Very nice work Josh! :thumbup:
Perfect lines for sure! :clap:


----------



## Sir Mixalot (Jan 6, 2008)

Big Shoe said:


> Nice job Paul. What brand paint did you use for the primer?
> 
> Sometimes masking and plastic is worth it ! Reminds me I'm running low on plastic and tape too.


Thank you. :thumbsup:
For the primer I used a multi-surface conditioner called Rich Flex by Richards Paint. And for the Paint I used Richards Signature Series Satin. This whole job was spec'd out and inspected by the Richards Rep for a manufacturer's 7 year product and labor warranty. :thumbup:


----------



## Sir Mixalot (Jan 6, 2008)

Same exterior painting project. 
Thursday and Friday we painted the west end of the house that had several rusted electrical boxes and nail heads in the cedar siding.

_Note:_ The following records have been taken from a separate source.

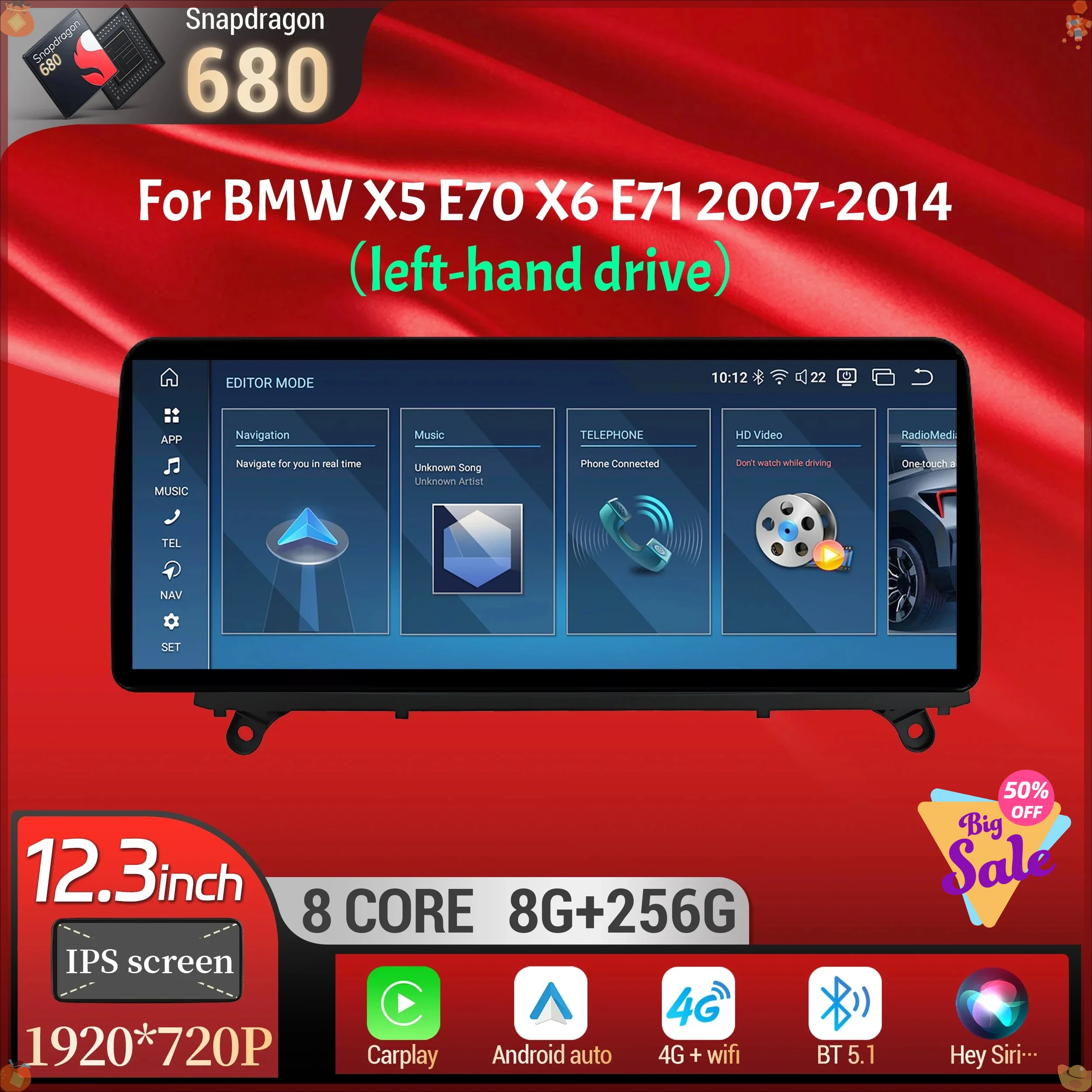 12.3 inch For BMW X5 E70 X6 E71 2007-2014 Left Hand Drive Android 14 Car Radio Wireless BT Carplay Snapdragon 680 Touch Screen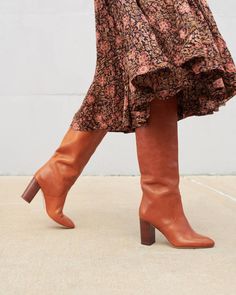 Color:Cognac Tall Boots Outfit, Tall Brown Boots, Tall Boot, Gingham Print, Boots Outfit, Tall Boots, Sporty Style, Brown Boots, Fall Dresses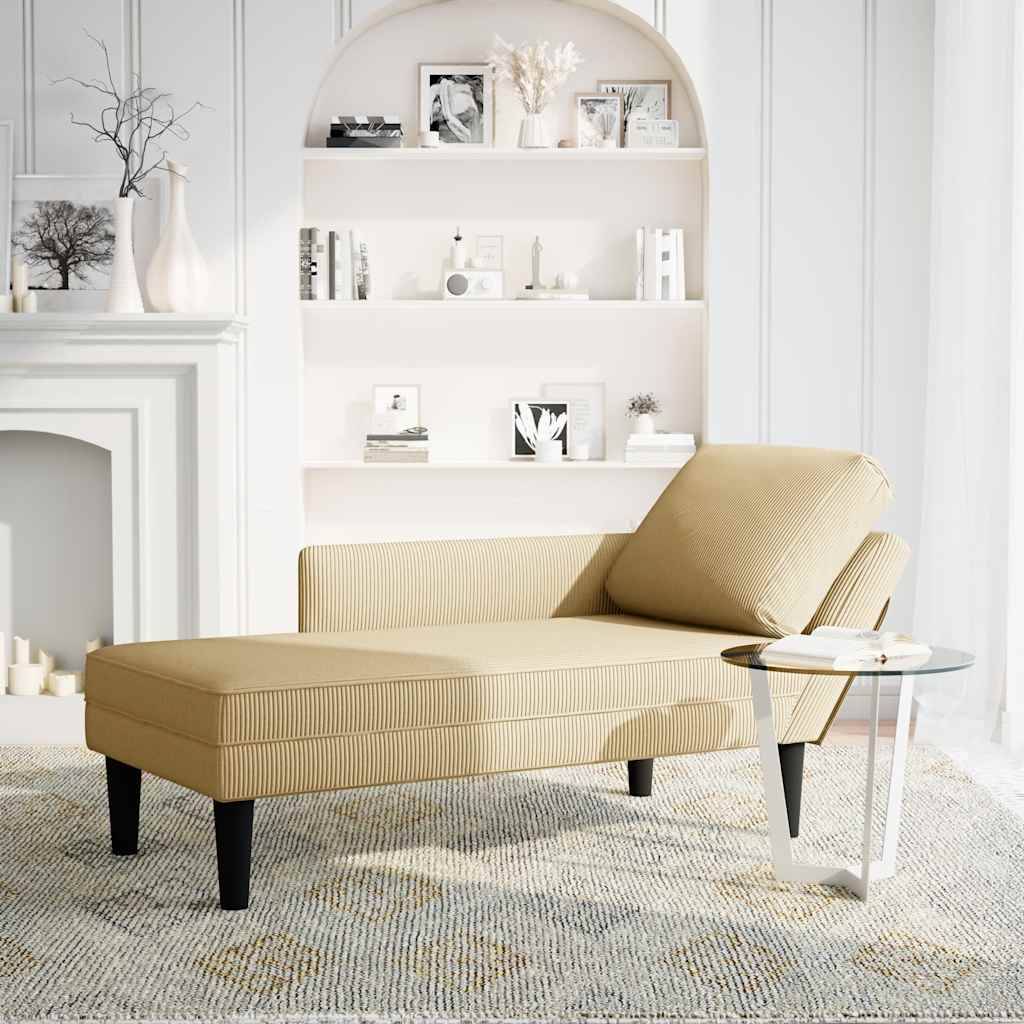 vidaXL Chaiselongue mit Kissen Graugrün Cordstoff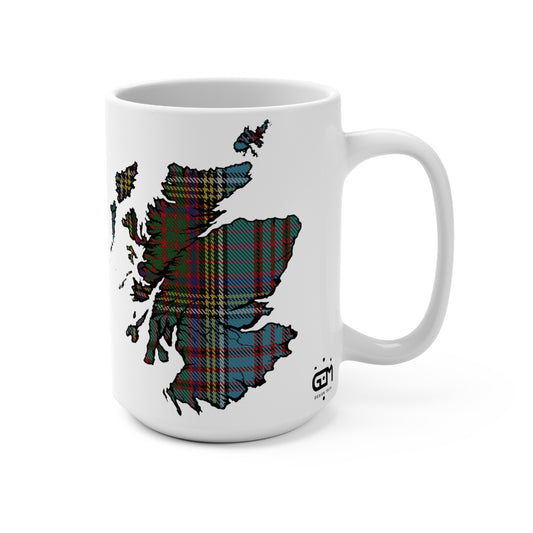 Scotland Map Mug 15oz, Anderson Tartan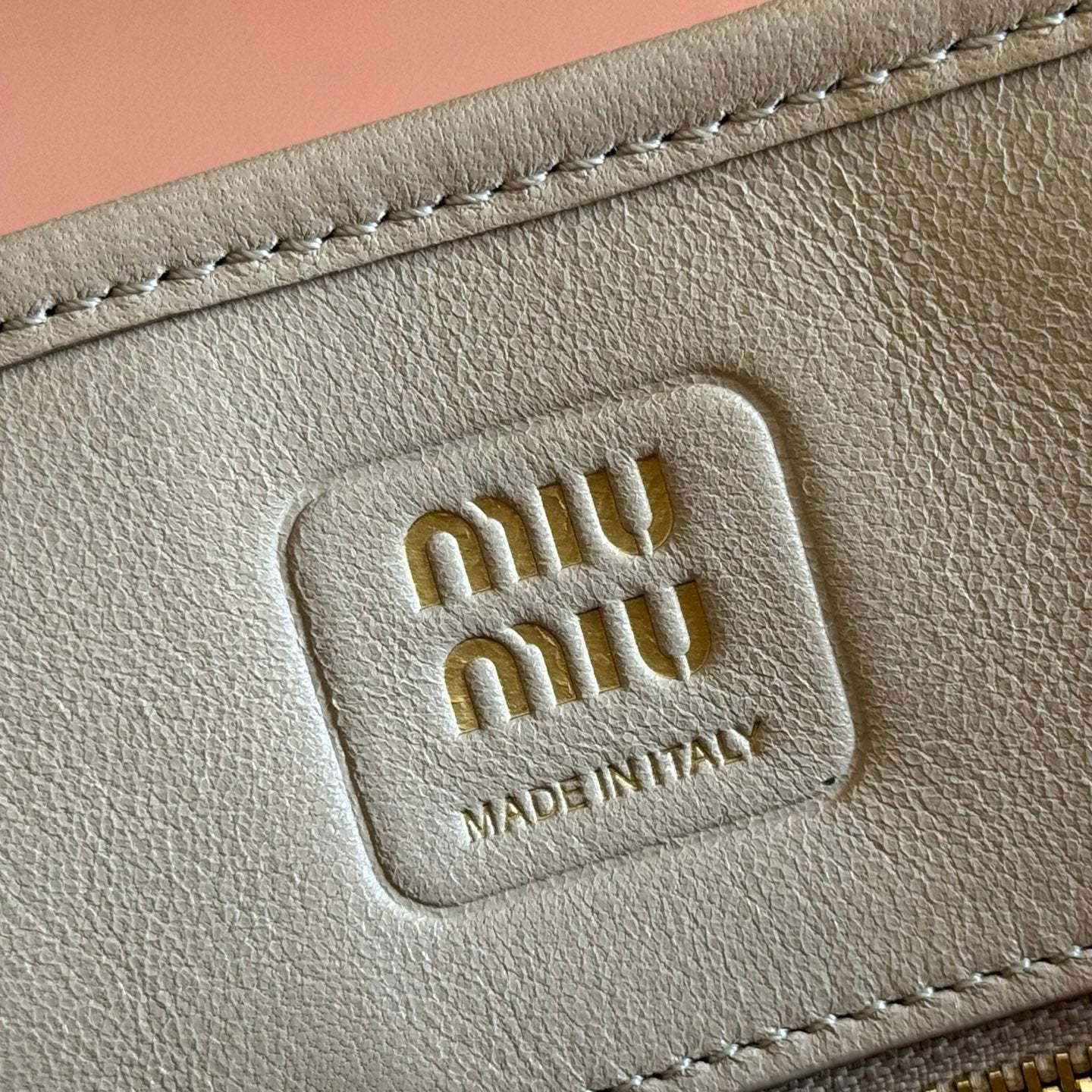 Miu Aventure Shoulder Bag 30cm Beige Nappa Leather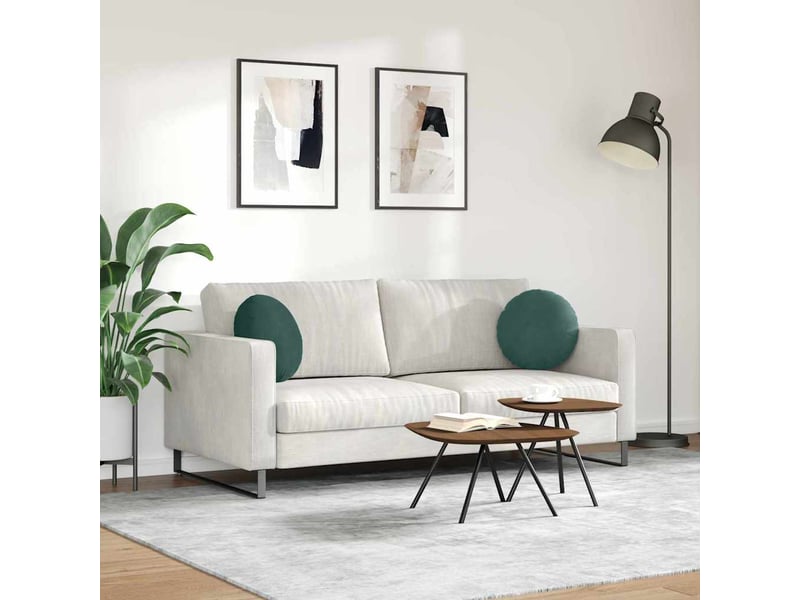  Lot de 2 coussins de siège, coussins décoratifs vert foncé ø 40 x 13 cm velours cf59939  - Conforama D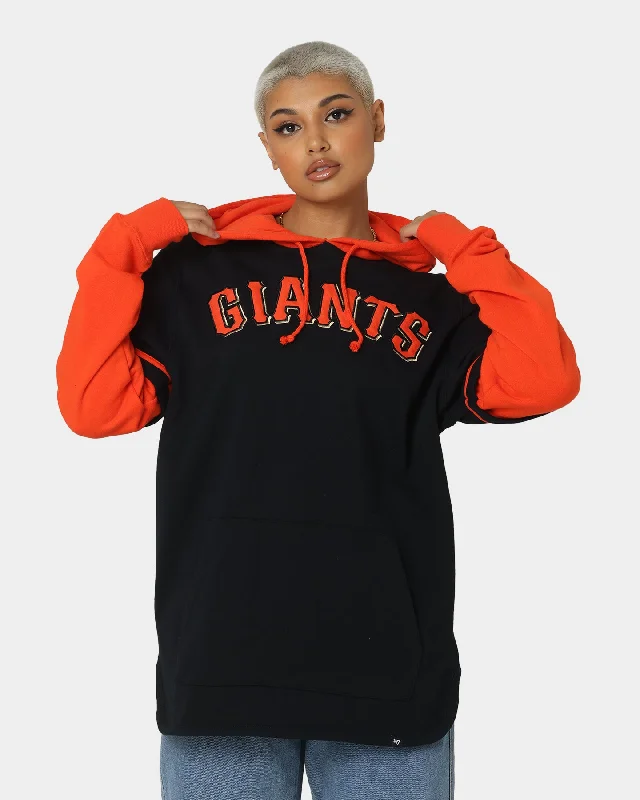 47 Brand San Francisco Giants Shortstop Hoodie Jet Black Hoodie with Pocket Utility Practical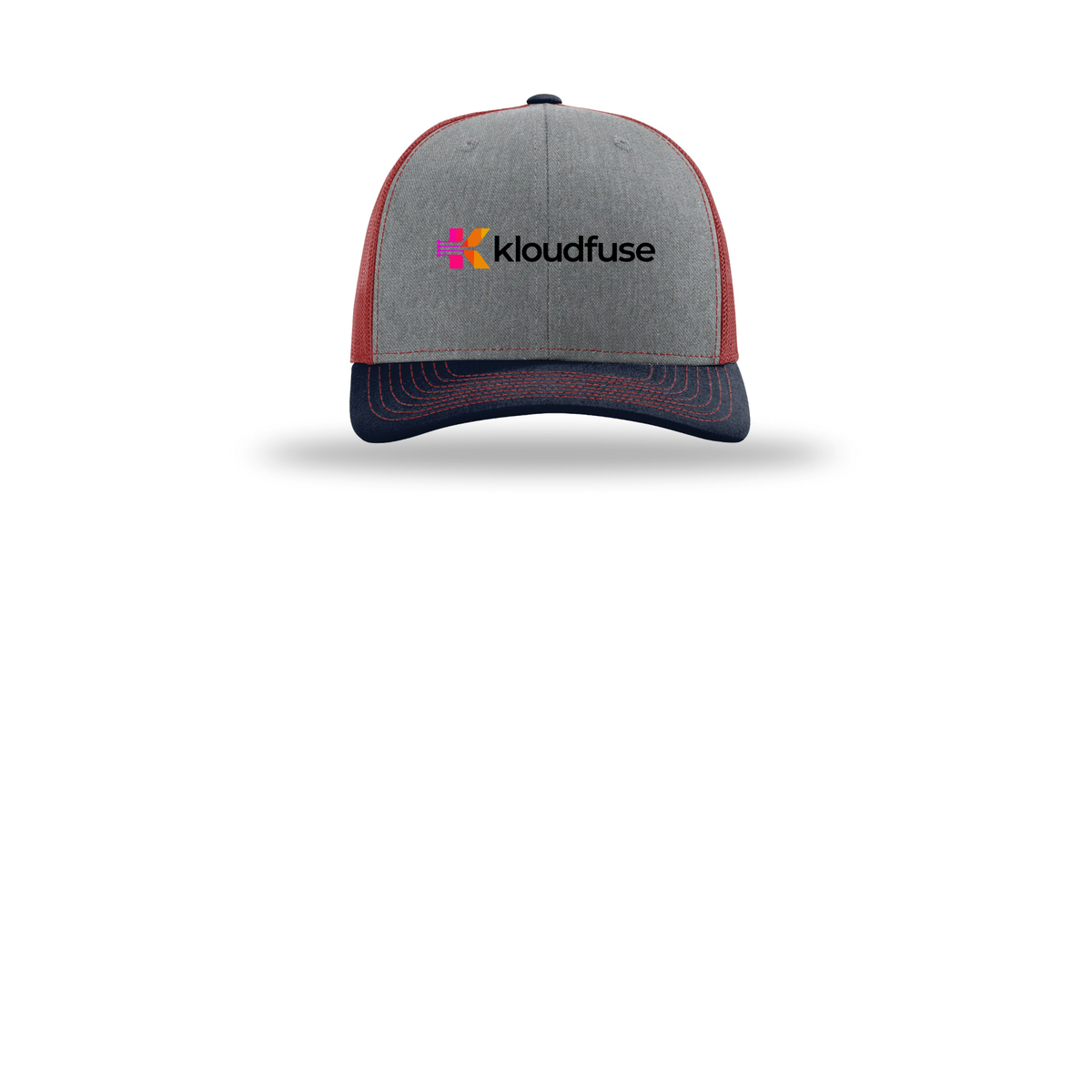 kloudfuse-richardson-trucker-cap-embroidery-capfront-R112-heathergreycardinalnavy-flat-front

After we treated the rust, I used the airless to spray all of the boxes, pipes, conduit, siding, soffits, gutter, drip edge, downspouts and stucco.


----------



## Sir Mixalot (Jan 6, 2008)




----------



## Morning Wood (Jan 12, 2008)

Looks like a great paint job. But jeesus, who was picking colors? Both old and new are tough to take.


----------



## Sir Mixalot (Jan 6, 2008)

Morning Wood said:


> Looks like a great paint job. But jeesus, who was picking colors? Both old and new are tough to take.


Thanks MW. :thumbsup:
I gotta say though, the new colors look amazing in person! :thumbup:


----------



## Morning Wood (Jan 12, 2008)

Sir Mixalot said:


> Thanks MW. :thumbsup: I gotta say though, the new colors look amazing in person! :thumbup:


 I forgot you're in Florida.


----------



## PennCoat (Apr 15, 2014)

Here's are some pics of a popcorn processing plant that we just finished last week. It was about 50,000 sf after you consider the corrugation factor, the bar joists, and i-beams. The grease was so thick and hard (the area had been in-operable for a few years and just now getting back to code) that it required 2-3 applications of detergent, and hot water turbo-tipped power washing. We didn't get a close up of the ceiling when we initially estimated, so we went about 20% over our time budget. But luckily, we applied Optibond, which adhered better than anticipated. So we managed to get back into our initial budget.


----------



## smalpierre (Jan 19, 2011)

Morning Wood said:


> I forgot you're in Florida.


Colors look different in Florida.


----------



## ToolNut (Aug 9, 2012)

avenge said:


> You seem to want to argue for no apparent reason, I already said I didn't mean to imply his particular project was a waste of time being sprayed. I never said I can do it faster only that I can brush and roll it in CLOSE to the same amount of time. The only money spent for 2 rollers. Ya I may work hard doing it.
> 
> I also never said profit couldn't be made by spraying. I hate masking and I hate cleanup. I'm also not fond of being in a spray booth and wearing a mask. When you've been doing this as long as I have you'll find yourself just not wanting to do certain things anymore even if it costs a little time. I've been in business 25 years and one thing I've learned it isn't ALWAYS about profit and production.
> 
> ...


I'm really not trying to keep the argument going BUT I have to vote for the spraying. You say you hate masking don't know if you have one or not but a 3M hand masker almost makes masking a non issue. And really I think a door or window can be masked as quickly if not quicker than cutting in. And the "ya I may be working hard to do it" have you not heard the phrase work smarter not harder.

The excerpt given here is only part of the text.